Given this difficult position, there are a few ways to quickly pivot and avoid the perfect storm:

· Hire Slowly, Fire Quickly: This should always be the hiring mentality, but for positions where the brand could be at stake there should be extra caution. If that means temporarily hiring out some of the less sensitive work, so be it. Cleaning-up a global attack and retooling public perception would be much more expensive.

· Look for Recommendations: Any top-notch consulting company being used to temporarily augment the team should have some references of other brands they’ve served under Non-Disclosure Agreements (NDAs). If they cannot guarantee the integrity of their people, they cannot help you.
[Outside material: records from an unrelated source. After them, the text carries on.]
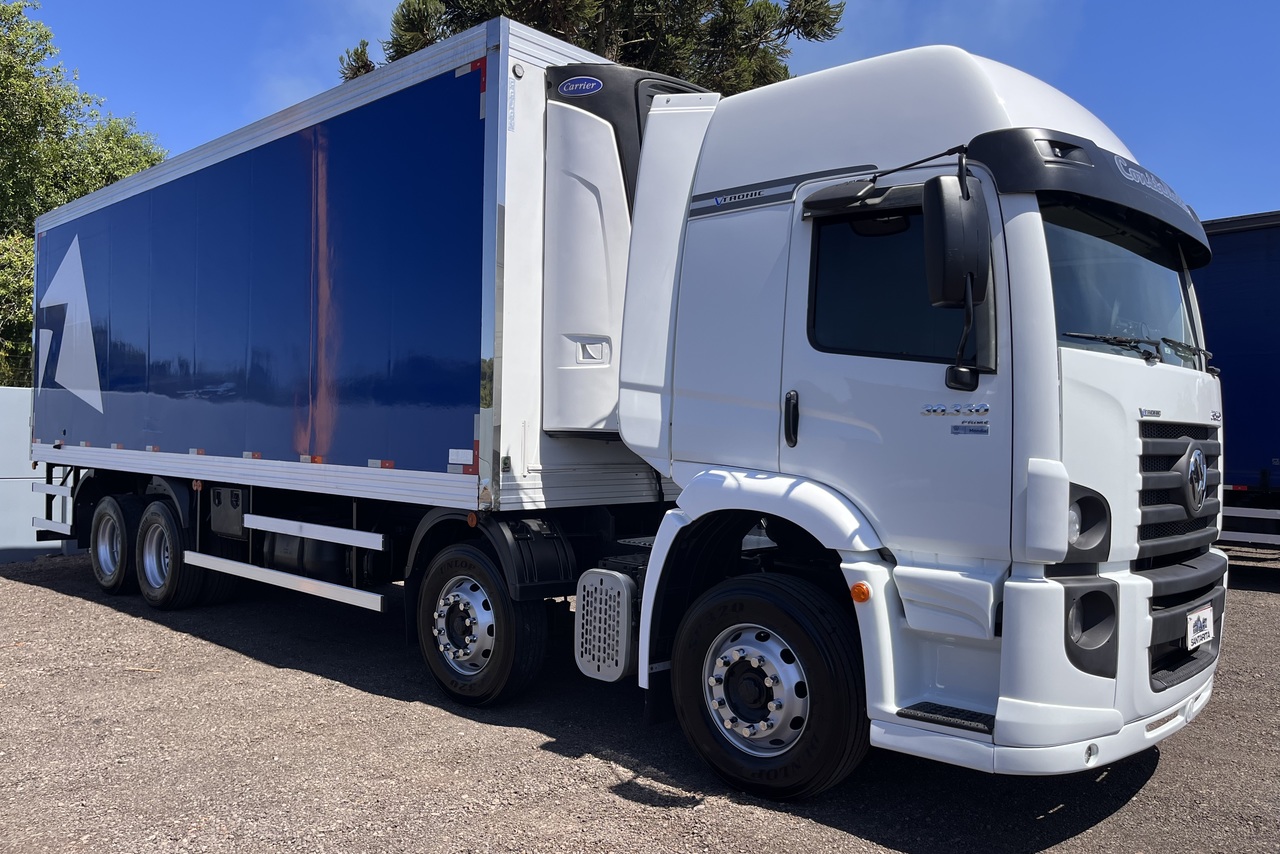 Volkswagen 30-330 Constellation 8x2 - 17/18 2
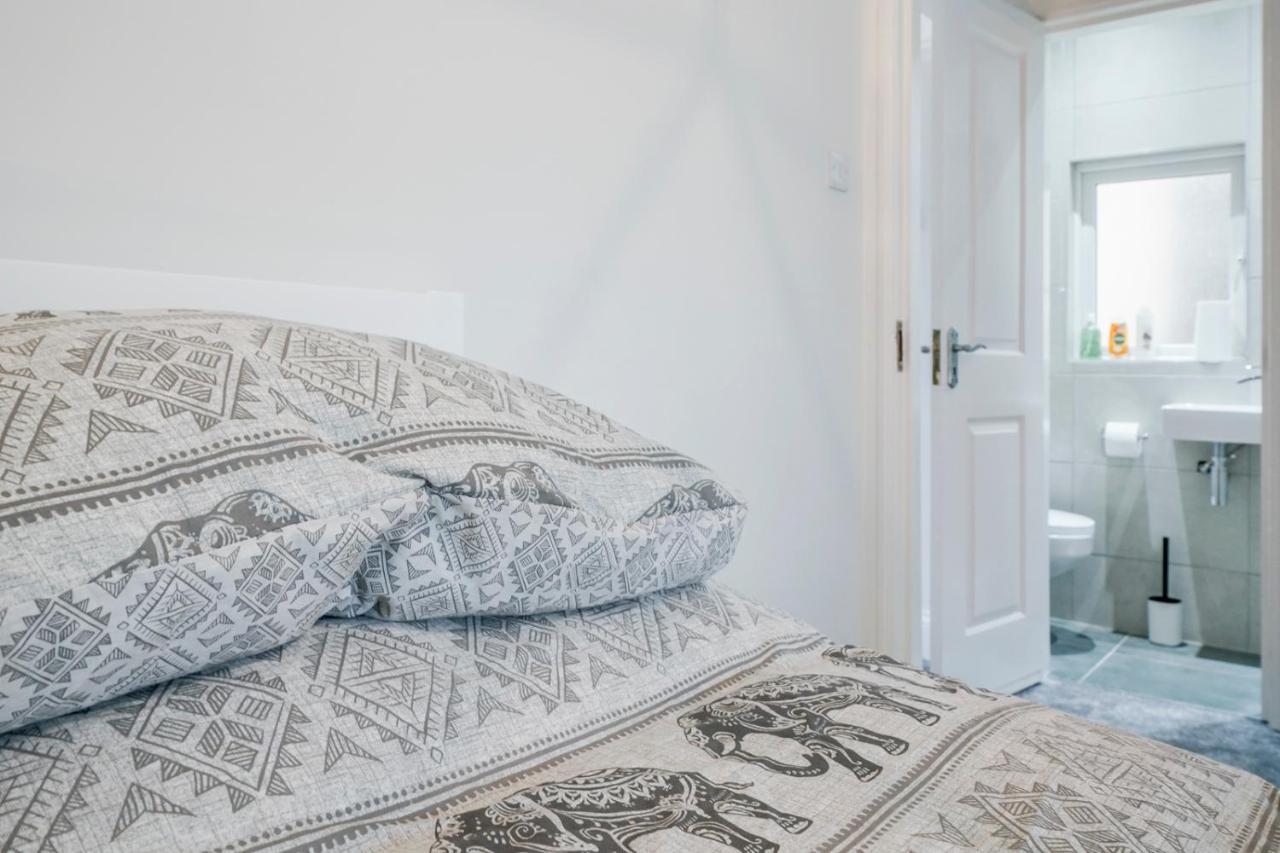 Close To City Centre Stylish 3 Bedroom House Belfast Eksteriør bilde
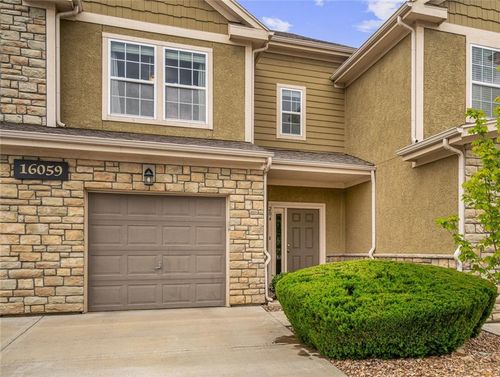 unit-204-16059 Fontana St, Overland Park, KS, 66085-8488 | Card Image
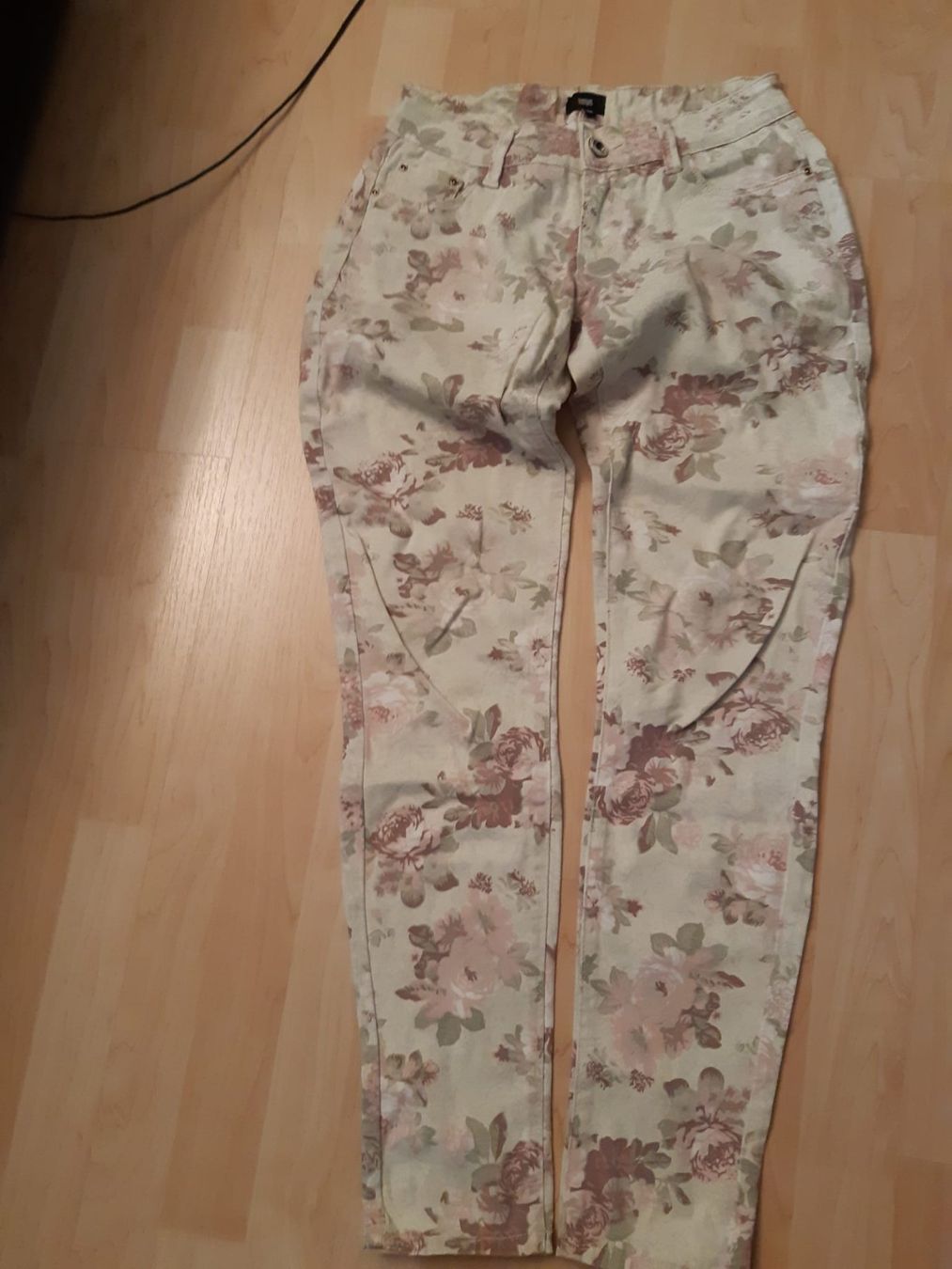 Pantaloni: MARKENHOSEN, DAMEN, Gr.36+S, 2stk. – Usato da Sachseln venduto da jocaso 3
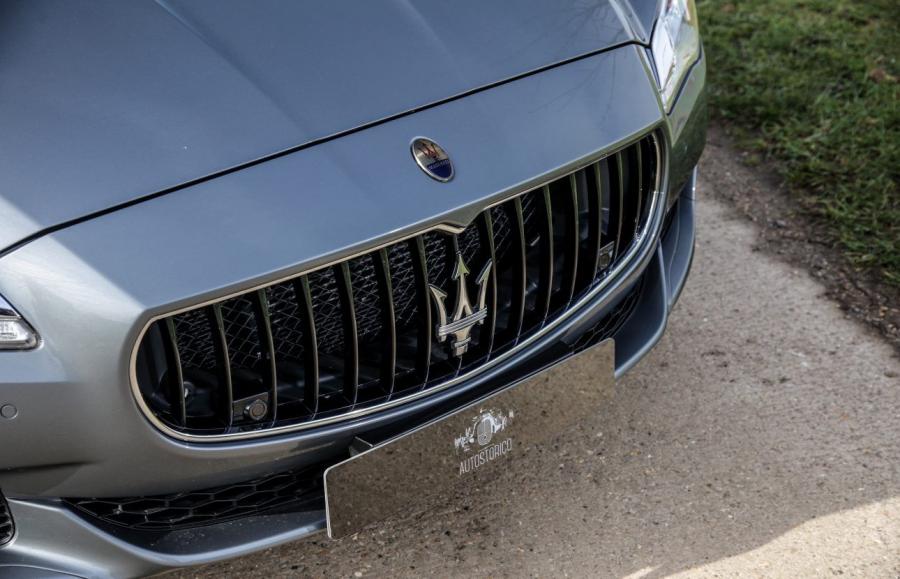 Детали экстерьера Maserati Quattroporte Shooting Brake 2013 года  (UK) (фото 7 из 18)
· Background Checks: Make it clear upfront that applicants must pass a security threshold. Just such a pronouncement will create a self-selection of more trustworthy candidates.

· Peer Reviews and Communication: There are volumes of white papers that already document the significant return on investment from peer reviews for defect cost-avoidance, but it also decreases the likelihood of a cockroach hiding in the shadows.

· Train, Train Some More, and Retrain: At the 2017 Cybersecurity Summit at the Cobo Center in Detroit, an anonymous automotive executive blurted out, “I cannot design out ‘stupid’ when talking about employee negligence or errors. In some fashion, that’s certainly true, but consistently training on key topics, communicating about the operational KPIs, and suggesting how employees can help will certainly improve the likelihood of success.